**What needs to be done**
Please print the entries below exactly, from the line with "Orange/Washed Teal" through the line with "35 Puritan Lane Newington CT 06111", including both of those lines and leaving out all others.

**Items from a dataset**
————————













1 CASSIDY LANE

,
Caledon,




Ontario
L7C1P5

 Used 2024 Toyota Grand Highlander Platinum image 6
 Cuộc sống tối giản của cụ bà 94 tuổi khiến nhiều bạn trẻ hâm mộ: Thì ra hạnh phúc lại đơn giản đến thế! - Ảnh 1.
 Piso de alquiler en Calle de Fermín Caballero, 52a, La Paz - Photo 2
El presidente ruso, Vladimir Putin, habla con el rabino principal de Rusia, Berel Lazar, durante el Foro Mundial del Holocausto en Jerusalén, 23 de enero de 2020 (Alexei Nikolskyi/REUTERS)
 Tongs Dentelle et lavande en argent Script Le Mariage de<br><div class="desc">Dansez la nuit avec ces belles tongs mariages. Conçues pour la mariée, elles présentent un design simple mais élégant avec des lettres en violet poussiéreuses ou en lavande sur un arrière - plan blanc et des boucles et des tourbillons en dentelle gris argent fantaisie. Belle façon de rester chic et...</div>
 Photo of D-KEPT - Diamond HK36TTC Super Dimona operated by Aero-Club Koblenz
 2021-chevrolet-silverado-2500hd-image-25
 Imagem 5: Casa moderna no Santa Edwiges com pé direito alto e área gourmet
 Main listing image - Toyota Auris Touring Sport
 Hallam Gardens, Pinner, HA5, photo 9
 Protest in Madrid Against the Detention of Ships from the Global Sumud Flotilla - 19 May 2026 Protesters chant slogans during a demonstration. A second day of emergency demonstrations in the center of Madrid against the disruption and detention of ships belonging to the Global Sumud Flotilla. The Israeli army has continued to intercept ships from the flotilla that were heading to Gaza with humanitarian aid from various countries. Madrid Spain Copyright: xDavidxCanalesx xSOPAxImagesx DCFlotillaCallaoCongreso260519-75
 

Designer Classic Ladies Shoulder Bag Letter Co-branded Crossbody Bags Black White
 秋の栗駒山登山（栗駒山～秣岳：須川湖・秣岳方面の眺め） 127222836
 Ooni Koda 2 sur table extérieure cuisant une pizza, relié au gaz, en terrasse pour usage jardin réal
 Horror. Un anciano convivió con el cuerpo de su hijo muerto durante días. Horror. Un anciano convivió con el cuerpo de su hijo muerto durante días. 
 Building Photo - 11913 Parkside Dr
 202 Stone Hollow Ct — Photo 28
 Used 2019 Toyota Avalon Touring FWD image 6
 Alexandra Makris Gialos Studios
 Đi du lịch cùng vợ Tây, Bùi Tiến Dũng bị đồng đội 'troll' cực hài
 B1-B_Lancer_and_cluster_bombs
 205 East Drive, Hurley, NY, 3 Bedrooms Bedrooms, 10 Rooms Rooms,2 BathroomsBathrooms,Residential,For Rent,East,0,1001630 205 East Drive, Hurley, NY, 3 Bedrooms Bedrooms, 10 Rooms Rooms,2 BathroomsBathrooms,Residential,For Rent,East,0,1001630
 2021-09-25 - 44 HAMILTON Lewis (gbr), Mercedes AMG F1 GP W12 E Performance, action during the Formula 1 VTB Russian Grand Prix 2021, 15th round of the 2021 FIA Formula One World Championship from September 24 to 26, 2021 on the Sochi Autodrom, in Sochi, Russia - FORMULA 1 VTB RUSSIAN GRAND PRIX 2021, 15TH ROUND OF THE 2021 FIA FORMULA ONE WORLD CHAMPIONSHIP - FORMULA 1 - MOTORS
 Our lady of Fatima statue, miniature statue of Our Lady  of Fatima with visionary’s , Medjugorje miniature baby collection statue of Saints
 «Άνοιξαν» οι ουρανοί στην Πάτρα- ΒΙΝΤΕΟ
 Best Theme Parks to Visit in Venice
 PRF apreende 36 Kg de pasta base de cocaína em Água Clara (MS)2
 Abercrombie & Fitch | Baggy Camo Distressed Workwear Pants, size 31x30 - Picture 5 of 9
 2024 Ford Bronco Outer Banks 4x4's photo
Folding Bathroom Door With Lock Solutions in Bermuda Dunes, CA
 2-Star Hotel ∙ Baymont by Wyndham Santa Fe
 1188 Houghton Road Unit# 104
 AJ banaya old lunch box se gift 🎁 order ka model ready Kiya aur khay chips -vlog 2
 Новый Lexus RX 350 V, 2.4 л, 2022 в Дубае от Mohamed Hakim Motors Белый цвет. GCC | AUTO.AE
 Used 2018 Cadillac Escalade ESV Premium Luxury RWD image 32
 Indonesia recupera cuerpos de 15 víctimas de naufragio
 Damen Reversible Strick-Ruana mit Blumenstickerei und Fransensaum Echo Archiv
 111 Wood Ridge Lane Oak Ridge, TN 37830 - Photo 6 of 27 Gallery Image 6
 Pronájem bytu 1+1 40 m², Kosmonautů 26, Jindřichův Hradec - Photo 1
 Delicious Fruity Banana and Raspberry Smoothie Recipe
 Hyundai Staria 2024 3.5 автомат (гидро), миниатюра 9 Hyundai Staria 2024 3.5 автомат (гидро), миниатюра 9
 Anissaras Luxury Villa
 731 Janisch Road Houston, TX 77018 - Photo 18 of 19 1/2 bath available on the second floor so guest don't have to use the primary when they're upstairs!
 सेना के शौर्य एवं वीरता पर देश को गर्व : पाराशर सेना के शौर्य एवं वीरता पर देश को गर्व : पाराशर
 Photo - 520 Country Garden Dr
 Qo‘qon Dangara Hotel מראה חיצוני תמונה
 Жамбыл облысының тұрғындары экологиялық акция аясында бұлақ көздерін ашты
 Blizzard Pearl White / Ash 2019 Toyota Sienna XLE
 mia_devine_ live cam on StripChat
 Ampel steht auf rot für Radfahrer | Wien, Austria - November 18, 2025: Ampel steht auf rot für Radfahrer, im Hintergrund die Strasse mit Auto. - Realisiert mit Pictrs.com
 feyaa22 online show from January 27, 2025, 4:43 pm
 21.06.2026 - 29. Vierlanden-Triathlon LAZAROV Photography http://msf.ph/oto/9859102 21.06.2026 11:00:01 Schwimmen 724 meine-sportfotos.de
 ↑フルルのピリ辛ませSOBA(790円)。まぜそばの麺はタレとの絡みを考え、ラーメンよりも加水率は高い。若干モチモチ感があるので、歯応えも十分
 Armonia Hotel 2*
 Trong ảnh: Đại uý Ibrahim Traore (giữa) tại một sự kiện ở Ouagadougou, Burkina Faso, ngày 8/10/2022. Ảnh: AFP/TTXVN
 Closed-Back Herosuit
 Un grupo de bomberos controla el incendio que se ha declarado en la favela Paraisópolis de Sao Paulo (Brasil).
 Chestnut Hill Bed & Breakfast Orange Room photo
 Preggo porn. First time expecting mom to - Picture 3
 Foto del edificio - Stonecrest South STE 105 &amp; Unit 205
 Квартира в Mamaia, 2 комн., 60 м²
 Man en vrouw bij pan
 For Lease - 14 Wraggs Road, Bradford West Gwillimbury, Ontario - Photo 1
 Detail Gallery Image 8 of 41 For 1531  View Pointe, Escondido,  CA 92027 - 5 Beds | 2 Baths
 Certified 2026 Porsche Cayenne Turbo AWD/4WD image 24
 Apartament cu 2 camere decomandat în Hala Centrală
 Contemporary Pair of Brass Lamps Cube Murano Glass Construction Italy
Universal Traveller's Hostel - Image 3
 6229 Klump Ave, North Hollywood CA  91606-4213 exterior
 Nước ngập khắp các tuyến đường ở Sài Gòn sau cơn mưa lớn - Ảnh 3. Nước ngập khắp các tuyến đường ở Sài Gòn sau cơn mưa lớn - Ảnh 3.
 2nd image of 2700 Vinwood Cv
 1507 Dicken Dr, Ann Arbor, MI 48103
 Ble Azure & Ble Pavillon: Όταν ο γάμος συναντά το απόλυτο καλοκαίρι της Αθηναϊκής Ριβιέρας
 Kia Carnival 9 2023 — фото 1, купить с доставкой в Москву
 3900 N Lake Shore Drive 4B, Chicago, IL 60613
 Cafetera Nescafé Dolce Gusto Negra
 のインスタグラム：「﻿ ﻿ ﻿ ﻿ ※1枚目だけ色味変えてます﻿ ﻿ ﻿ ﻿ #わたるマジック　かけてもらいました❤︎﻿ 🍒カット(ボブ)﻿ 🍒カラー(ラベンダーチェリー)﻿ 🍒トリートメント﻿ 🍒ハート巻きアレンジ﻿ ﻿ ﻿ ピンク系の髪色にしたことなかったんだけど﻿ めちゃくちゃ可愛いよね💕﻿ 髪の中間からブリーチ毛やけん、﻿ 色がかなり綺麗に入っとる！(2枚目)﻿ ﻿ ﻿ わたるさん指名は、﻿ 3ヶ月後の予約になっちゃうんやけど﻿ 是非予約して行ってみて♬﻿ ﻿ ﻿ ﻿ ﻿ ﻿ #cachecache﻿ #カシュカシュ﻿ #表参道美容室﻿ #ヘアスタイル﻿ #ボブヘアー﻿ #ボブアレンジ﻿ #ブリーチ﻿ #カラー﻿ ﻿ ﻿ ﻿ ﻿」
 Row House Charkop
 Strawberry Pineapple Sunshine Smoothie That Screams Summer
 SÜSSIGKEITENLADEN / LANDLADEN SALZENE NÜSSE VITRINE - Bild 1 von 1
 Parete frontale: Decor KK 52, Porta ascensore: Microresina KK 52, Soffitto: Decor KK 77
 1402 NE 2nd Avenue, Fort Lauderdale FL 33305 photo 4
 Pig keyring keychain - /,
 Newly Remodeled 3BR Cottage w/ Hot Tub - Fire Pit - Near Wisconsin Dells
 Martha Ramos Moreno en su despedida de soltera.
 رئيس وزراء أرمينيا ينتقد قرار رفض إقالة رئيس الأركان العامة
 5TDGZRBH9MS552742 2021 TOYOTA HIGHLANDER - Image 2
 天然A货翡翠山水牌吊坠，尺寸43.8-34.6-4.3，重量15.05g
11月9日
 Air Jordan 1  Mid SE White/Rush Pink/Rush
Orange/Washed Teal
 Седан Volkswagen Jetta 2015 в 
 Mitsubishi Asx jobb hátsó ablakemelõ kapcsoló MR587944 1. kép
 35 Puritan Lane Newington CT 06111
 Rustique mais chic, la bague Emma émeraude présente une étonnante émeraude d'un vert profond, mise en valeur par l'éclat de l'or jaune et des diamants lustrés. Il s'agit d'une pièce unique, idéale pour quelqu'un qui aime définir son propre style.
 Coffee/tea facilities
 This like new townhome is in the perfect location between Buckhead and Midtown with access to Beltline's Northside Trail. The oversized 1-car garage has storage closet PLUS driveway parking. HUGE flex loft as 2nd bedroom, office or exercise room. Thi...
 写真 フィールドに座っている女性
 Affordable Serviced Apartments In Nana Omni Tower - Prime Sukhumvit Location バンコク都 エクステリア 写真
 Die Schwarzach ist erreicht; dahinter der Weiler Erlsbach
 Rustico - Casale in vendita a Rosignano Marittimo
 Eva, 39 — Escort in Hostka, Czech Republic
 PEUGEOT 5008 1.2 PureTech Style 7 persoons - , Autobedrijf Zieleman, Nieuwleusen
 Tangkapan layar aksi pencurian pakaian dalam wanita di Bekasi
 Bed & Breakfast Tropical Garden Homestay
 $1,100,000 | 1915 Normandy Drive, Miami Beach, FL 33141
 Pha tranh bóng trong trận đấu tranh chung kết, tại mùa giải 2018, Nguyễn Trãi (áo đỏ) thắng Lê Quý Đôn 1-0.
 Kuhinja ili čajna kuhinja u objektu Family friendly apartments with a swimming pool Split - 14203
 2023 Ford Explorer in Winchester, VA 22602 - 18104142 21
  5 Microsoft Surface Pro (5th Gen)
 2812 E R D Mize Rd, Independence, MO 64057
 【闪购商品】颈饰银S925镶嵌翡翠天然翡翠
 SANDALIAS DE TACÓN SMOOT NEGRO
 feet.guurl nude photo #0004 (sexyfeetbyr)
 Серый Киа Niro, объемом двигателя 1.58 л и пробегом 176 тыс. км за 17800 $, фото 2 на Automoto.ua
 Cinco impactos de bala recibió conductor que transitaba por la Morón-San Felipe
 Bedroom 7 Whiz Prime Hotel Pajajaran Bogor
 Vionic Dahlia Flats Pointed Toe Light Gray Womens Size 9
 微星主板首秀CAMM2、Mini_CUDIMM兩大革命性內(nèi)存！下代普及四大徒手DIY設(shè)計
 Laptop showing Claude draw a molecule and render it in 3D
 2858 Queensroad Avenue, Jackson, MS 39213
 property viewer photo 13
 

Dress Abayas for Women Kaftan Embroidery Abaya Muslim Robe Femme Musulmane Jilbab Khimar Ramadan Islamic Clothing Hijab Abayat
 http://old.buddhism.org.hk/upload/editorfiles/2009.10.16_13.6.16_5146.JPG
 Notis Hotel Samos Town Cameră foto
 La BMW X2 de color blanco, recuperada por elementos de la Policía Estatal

————————

**Result for this task**
Orange/Washed Teal
 Седан Volkswagen Jetta 2015 в 
 Mitsubishi Asx jobb hátsó ablakemelõ kapcsoló MR587944 1. kép
 35 Puritan Lane Newington CT 06111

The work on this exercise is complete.